= Scott Potasnik =

American television personality (born 1975)

Scott M. Potasnik (born October 28, 1975) is an American journalist, television host, producer and actor. He was a host of Sexcetera, a travel adventure docu-series. Potasnik is also the co-creator and host of Too Much for TV, a pay per view travel show that aired on iNDEMAND, Host of the Splash News celebrity news pilot and creator and producer of Tokin' Trash, a pilot for Comedy Central. Potasnik has also served as director of production for Mantra Films, production coordinator for the MTV series Jackass, and a producer for MTV series The Lyricist Lounge Show.

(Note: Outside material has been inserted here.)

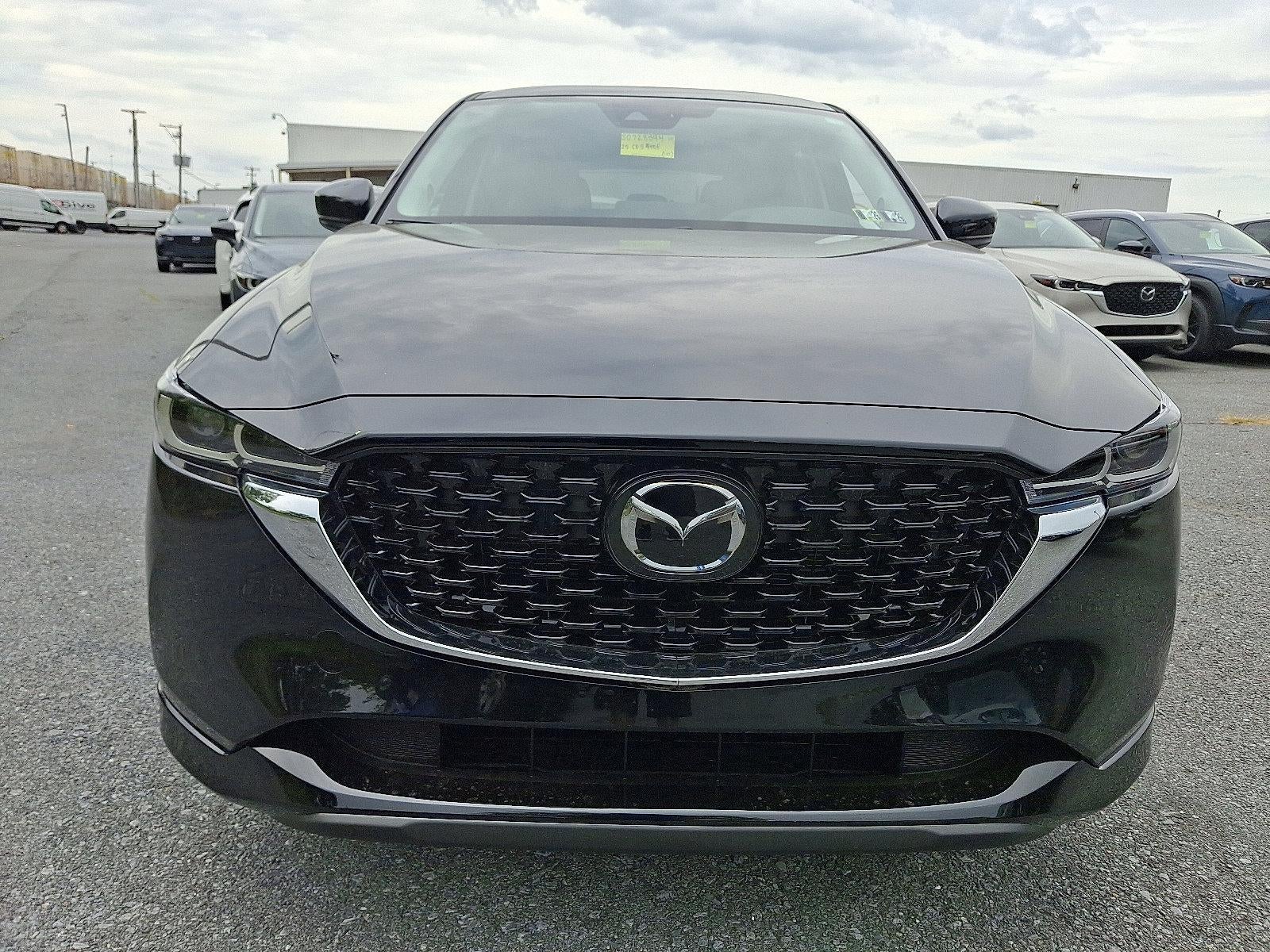 2025 Mazda Mazda CX-5 2.5 S Preferred Package AWD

Beginning in 2014, Scott could be heard on The Bob and Tom Show, a syndicated morning radio comedy program based in Indianapolis, Indiana. He was known as their "sex desk" correspondent and "fact checker." In 2016 Potasnik became a full-time member of the show with the retirement of Bob Kevoian. Sometime in July 2016 after the return of Kristi Lee, Potasnik and Pat Carlini disappeared without a trace from the show. It appears comedian Josh Arnold was hired to replace Potasnik.

==Early life==
Scott Potasnik was born in Indianapolis, Indiana the son of Cynthia Edwards and Michael Potasnik. He attended Carmel High School and Ball State University.